## HOW TO COMPLETE THIS TASK
Pictures stay out of the output. Return exactly the lines below from the one with "Los Angeles Kings" down to the one with "a room with", both included, and nothing more.

## SUPPLIED RECORDS
<<<<
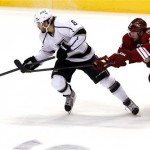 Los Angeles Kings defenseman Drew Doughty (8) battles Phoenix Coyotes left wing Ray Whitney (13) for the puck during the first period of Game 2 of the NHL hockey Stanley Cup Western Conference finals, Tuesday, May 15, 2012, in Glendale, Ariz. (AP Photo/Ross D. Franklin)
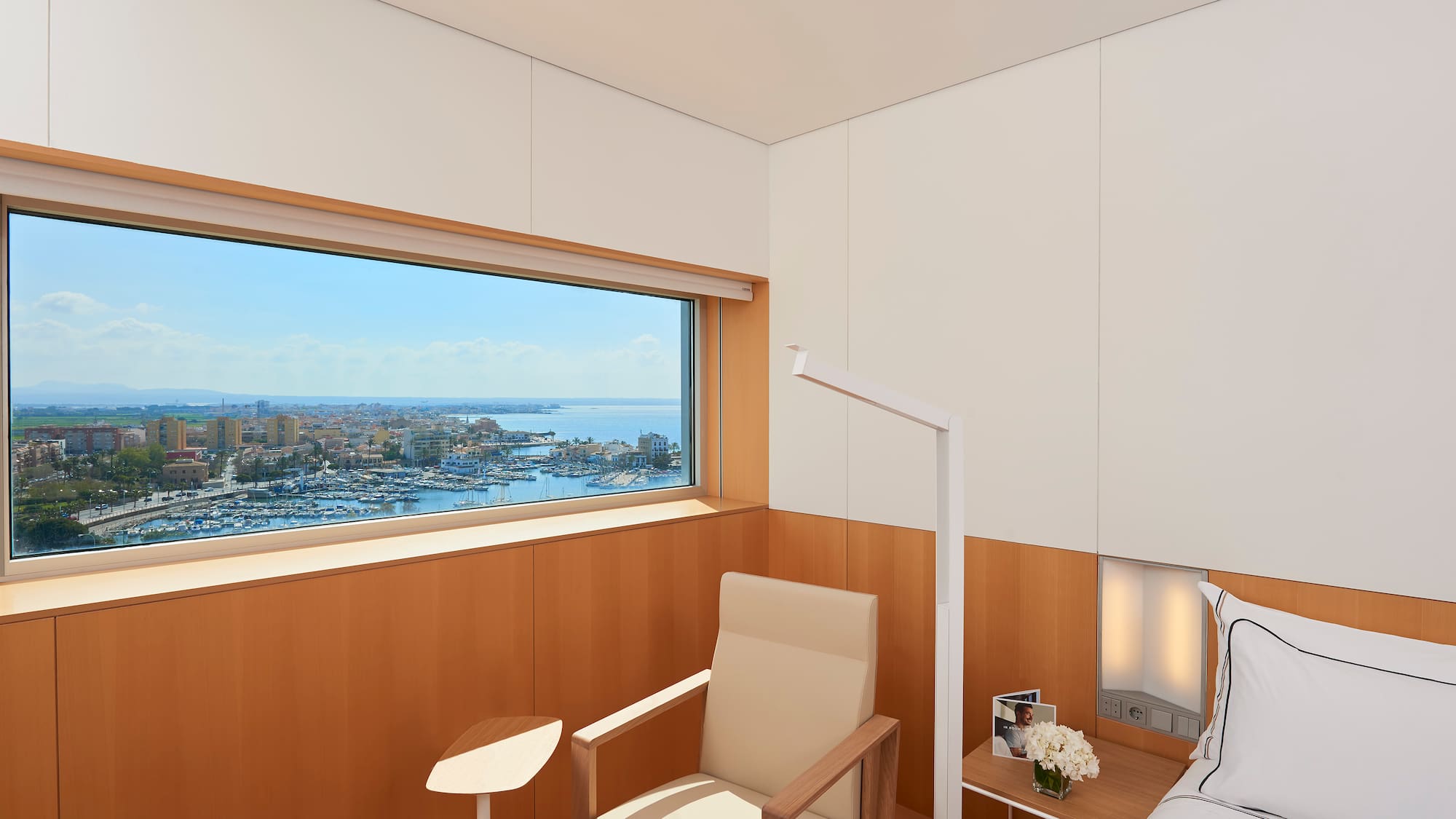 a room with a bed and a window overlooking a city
>>>>
<<<<
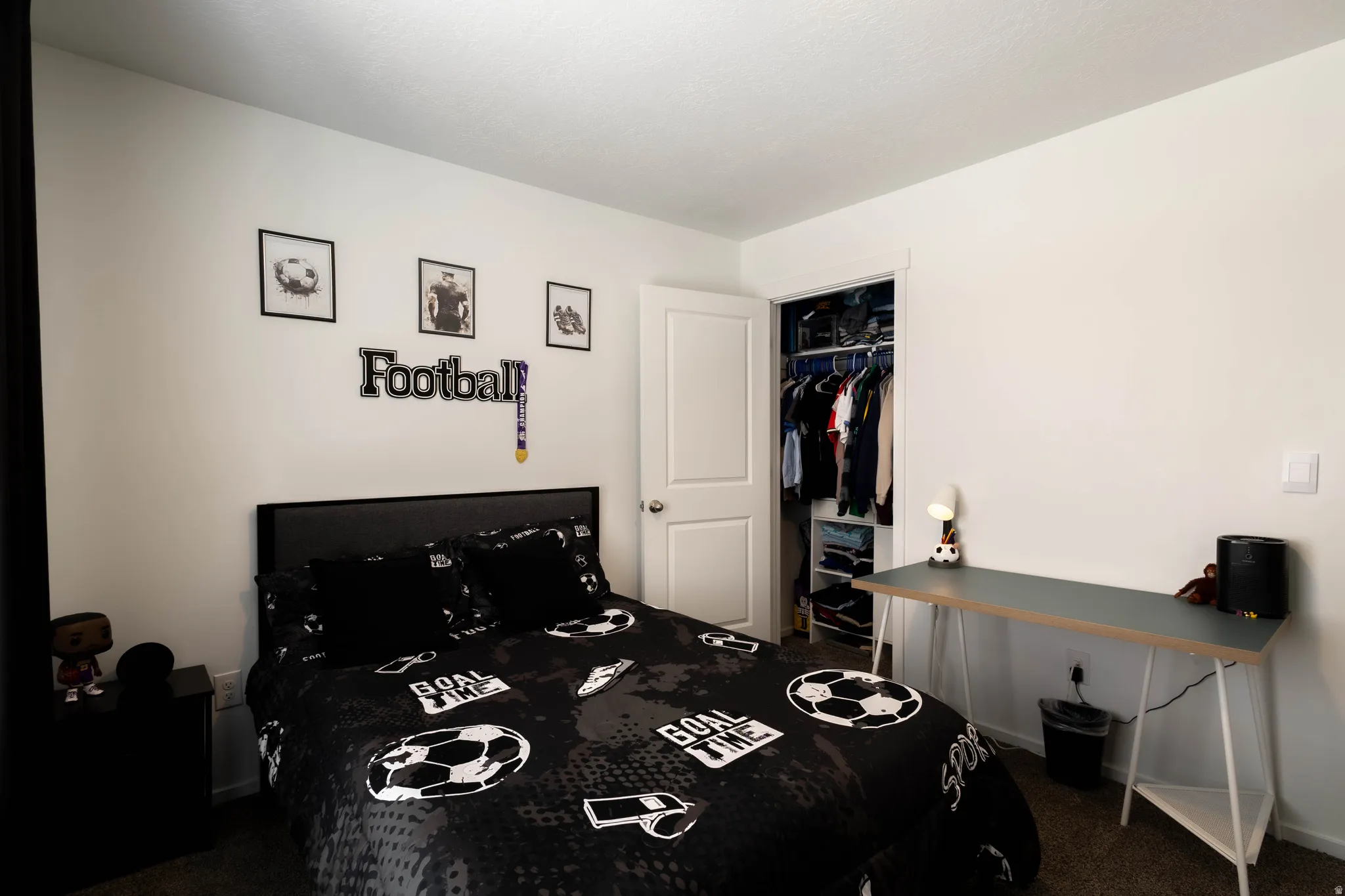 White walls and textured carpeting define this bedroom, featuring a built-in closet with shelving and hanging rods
>>>>
## RESPONSE AREA
 Los Angeles Kings defenseman Drew Doughty (8) battles Phoenix Coyotes left wing Ray Whitney (13) for the puck during the first period of Game 2 of the NHL hockey Stanley Cup Western Conference finals, Tuesday, May 15, 2012, in Glendale, Ariz. (AP Photo/Ross D. Franklin)
 a room with a bed and a window overlooking a city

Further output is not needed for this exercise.